## YOUR INSTRUCTIONS
From the top of the records below, return each line exactly, ending with the line that contains "Majestuosa Vista del".

________________________________________

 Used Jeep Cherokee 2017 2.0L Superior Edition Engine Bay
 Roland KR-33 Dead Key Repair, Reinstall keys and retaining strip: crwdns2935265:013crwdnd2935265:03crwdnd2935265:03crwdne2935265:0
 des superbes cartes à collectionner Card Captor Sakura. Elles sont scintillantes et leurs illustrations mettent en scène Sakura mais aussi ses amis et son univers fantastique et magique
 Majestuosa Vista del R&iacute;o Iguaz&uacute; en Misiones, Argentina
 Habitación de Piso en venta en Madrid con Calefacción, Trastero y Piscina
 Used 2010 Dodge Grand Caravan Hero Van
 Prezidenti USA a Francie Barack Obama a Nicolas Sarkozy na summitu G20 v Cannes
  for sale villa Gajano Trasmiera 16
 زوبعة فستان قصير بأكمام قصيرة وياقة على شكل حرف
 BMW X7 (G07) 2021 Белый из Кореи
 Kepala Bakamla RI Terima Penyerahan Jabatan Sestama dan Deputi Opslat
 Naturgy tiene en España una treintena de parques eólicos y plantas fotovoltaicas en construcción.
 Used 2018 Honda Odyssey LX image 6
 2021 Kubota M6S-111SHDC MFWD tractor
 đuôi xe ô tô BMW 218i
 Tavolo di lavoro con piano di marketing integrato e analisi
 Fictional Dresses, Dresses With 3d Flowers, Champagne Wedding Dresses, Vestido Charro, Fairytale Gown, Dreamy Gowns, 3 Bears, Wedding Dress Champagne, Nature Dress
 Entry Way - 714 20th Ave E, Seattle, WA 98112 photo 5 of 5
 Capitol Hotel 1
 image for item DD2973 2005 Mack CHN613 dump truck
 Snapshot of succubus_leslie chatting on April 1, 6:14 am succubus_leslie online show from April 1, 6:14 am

________________________________________

## RESULT OF THE TASK
 Used Jeep Cherokee 2017 2.0L Superior Edition Engine Bay
 Roland KR-33 Dead Key Repair, Reinstall keys and retaining strip: crwdns2935265:013crwdnd2935265:03crwdnd2935265:03crwdne2935265:0
 des superbes cartes à collectionner Card Captor Sakura. Elles sont scintillantes et leurs illustrations mettent en scène Sakura mais aussi ses amis et son univers fantastique et magique
 Majestuosa Vista del R&iacute;o Iguaz&uacute; en Misiones, Argentina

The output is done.